In which segment a given number lies in? [duplicate]

Answer 1

how would you solve the problem "In which segment a given number lie in?"

You should divide the number by the segment length, then truncate the fractional part away. Like this:

int segmentId = (int) floor(x/l);

It seems that you have already figured this out.

Of course, due to finite arithmetic, this does not work well.

If the result of 6.6 / 1.1 happens to be5.9999999999999991118215802998747676610946655273438, then 5 is in fact the correct segment for the result.

If you would like 6.6 / 1.1 to be exactly 6, then your problem is with finite precision division, which doesn't do what you want and with finite precision representation of floating point numbers that has no exact representation for all numbers. The segmentation itself worked perfectly.

I really don't know how to proceed further

Either don't use finite precision floating point (use fixed or arbitrary precision), or don't require the results of calculations to be exact.

Answer 2

Your problem is that neither 1.1, nor 6.6 are representable exactly in binary floating point. So when you type

double l = 1.1;
double x = 6.6;

you get 2 numbers stored in l and in x, which are slightly different than 1.1 and 6.6. After that, int segmentId = (int) floor(x/l); determines the correct segment for those slightly different numbers, but not for the original numbers.

You can solve this problem by using a decimal floating point data type instead of binary. You can check C++ decimal data types and Exact decimal datatype for C++? for the libraries, or implement the decimal data type yourself.

But still the problem will remain for numbers, which are not representable in finite decimal floating point, such as 1/3 (circulating fraction), sqrt(2) (irrational), pi (transcendental), etc.

Answer 3

What precision does your solution require? There can always be a problem with marginal values for given segment, cause they are most likely unrepresentable. I think adding a very small epsilon in this case could help. However it may fail in other case.

Answer 4

Just in case u don't specifically want an O(1) answer you can go for the O(logn) answer by just doing a binary search on the segments.

Answer 5

Check the segments again after the division.

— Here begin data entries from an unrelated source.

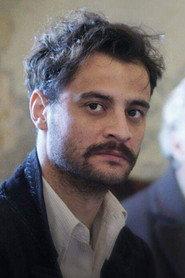 Aineias Tsamatis as Giannis (adult) in Giannis in the Cities 2024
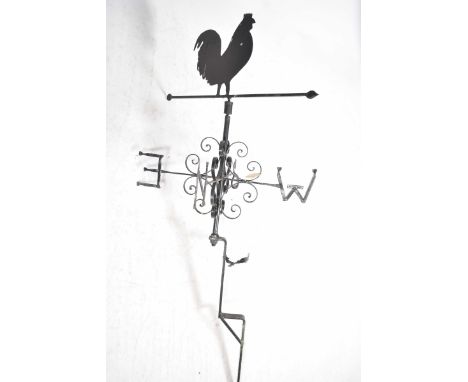 An iron weather vaneHaving a cockerel silhouette above a revolving pointer with scrolling brackets and the four directional p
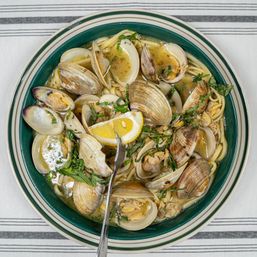 Top-down view of clam linguine: spaghetti with steamed clams in a garlicky white-wine broth, lemon wedge and chopped parsley in a green-rimmed bowl on a striped tablecloth.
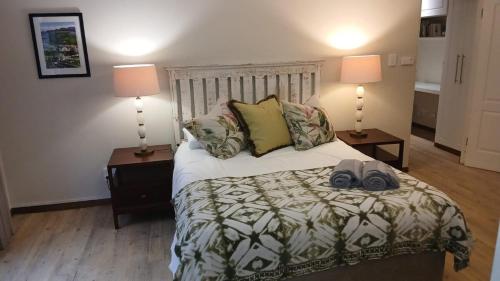 a bedroom with a bed with two lamps and two shoes on it at Dayspring Cottage in Howick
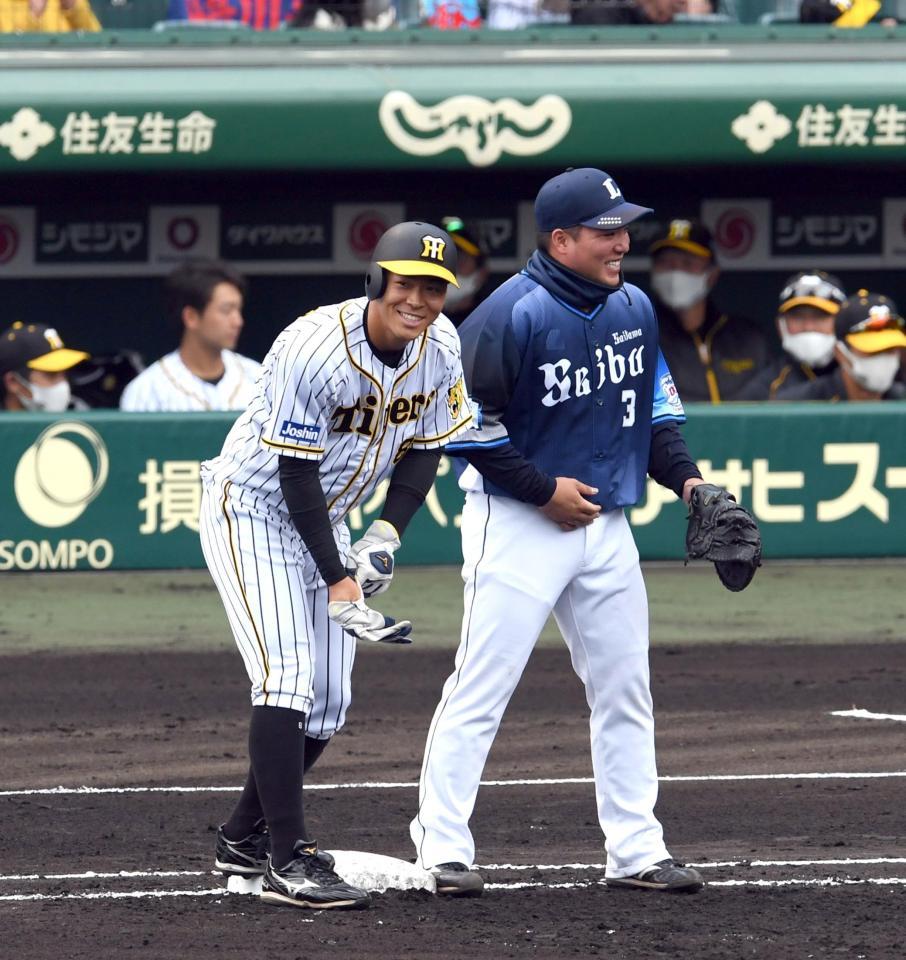 　２回、佐藤輝は四球で出塁し、塁上で山川に声を掛けられ笑顔を見せる（撮影・山口登）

bool inSegment(double x, double l, double segment)
{
    return (x >= l*(segment-1)) && (x < l*segment);
}

int segmentId;
double segment = floor(x/l);

if (inSegment(x, l, segment-1))
    segmentId = segment - 1;
else if (inSegment(x, l, segment))
    segmentId = segment;
else if (inSegment(x, l, segment+1))
    segmentId = segment + 1;
else
    printf("Something wrong happened\n");

Or use an epsilon and round the value up if the value is close enough to an integer above.